> INFORMATION PROVIDED
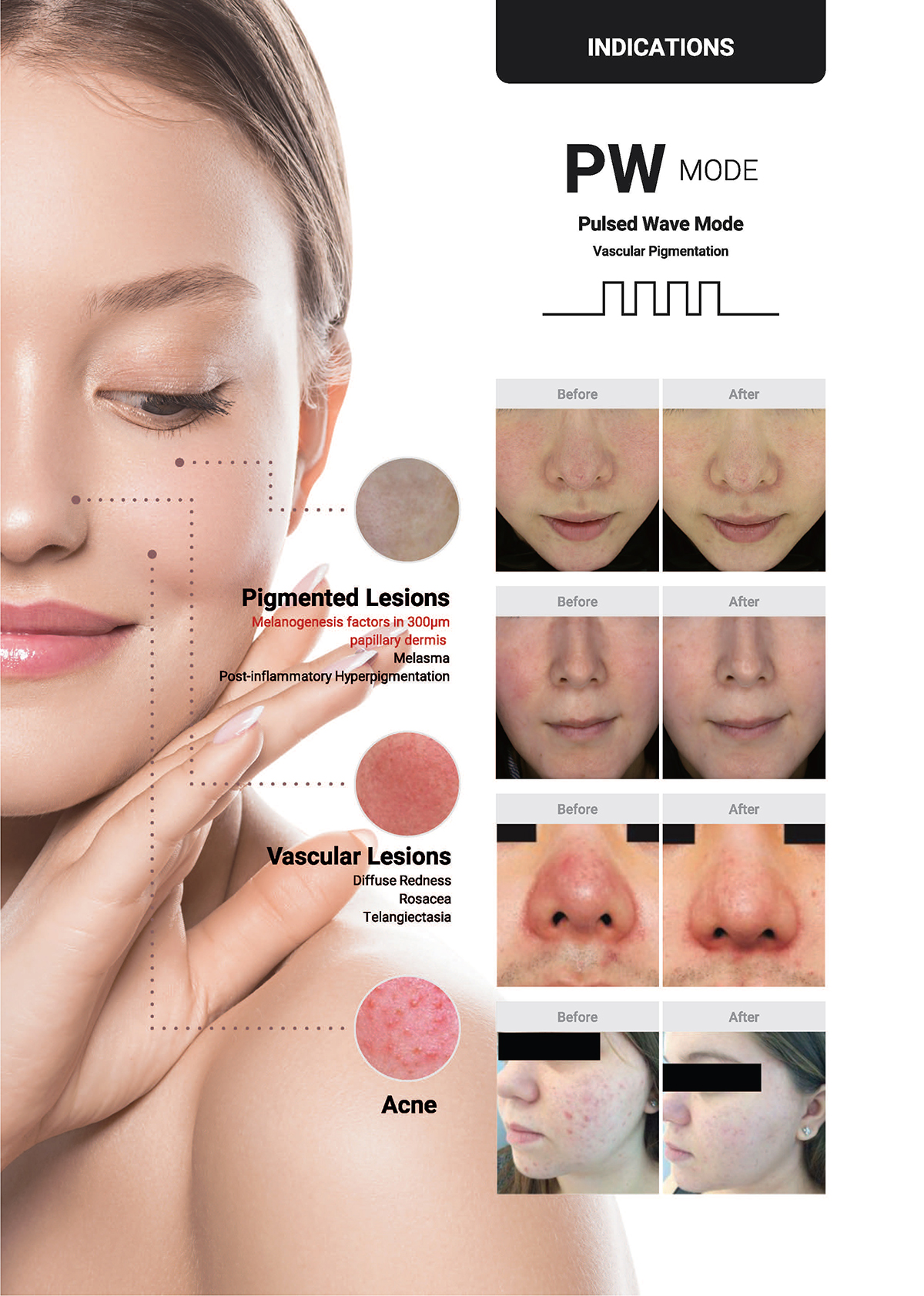 เทคนิครักษาหลุมสิวด้วย SYLFIRM X Plus Fractional RF Microneedle: มีลักษณะพลังงานพิเศษ Pulsed Wave PW Mode + Continous Wave CW Mode เทคนิครักษาหลุมสิวด้วย SYLFIRM X Plus Fractional RF Microneedle: มีลักษณะพลังงานพิเศษ Pulsed Wave PW Mode + Continous Wave CW Mode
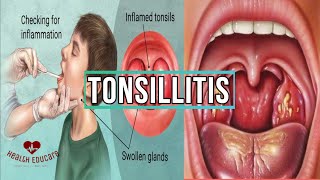 All you need to know about Tonsillitis [upl. by Alius]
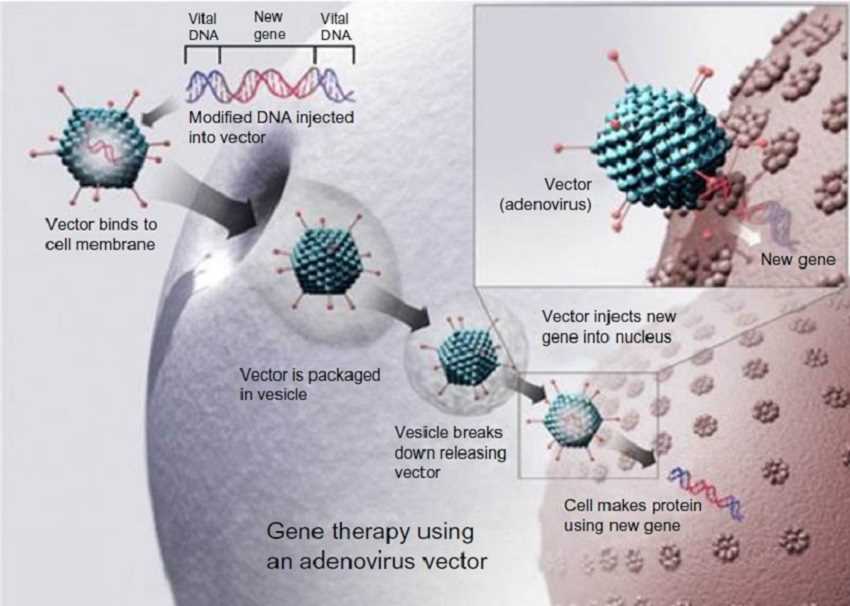 Gene therapy using an adenovirus vector.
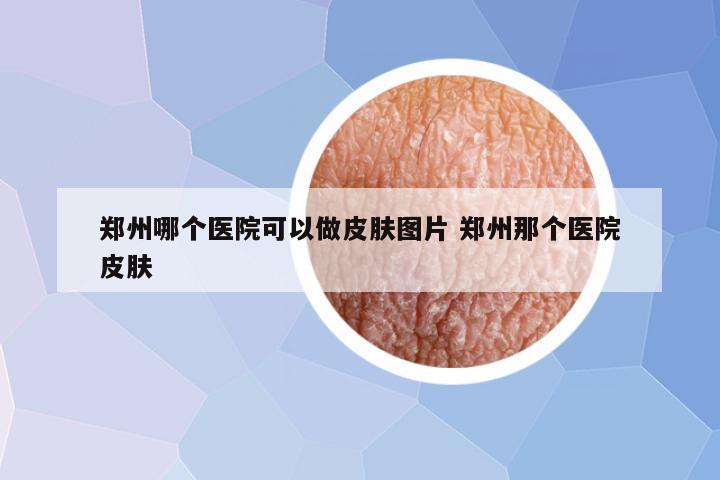 郑州哪个医院可以做皮肤图片 郑州那个医院皮肤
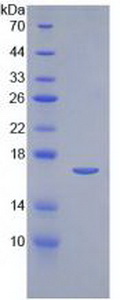 IL2 Protein - Recombinant Interleukin 2 By SDS-PAGE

> WORK REQUIRED
If an entry contains a picture, omit it; restate everything else word for word.

> TASK ANSWER
 เทคนิครักษาหลุมสิวด้วย SYLFIRM X Plus Fractional RF Microneedle: มีลักษณะพลังงานพิเศษ Pulsed Wave PW Mode + Continous Wave CW Mode เทคนิครักษาหลุมสิวด้วย SYLFIRM X Plus Fractional RF Microneedle: มีลักษณะพลังงานพิเศษ Pulsed Wave PW Mode + Continous Wave CW Mode
 All you need to know about Tonsillitis [upl. by Alius]
 Gene therapy using an adenovirus vector.
 郑州哪个医院可以做皮肤图片 郑州那个医院皮肤
 IL2 Protein - Recombinant Interleukin 2 By SDS-PAGE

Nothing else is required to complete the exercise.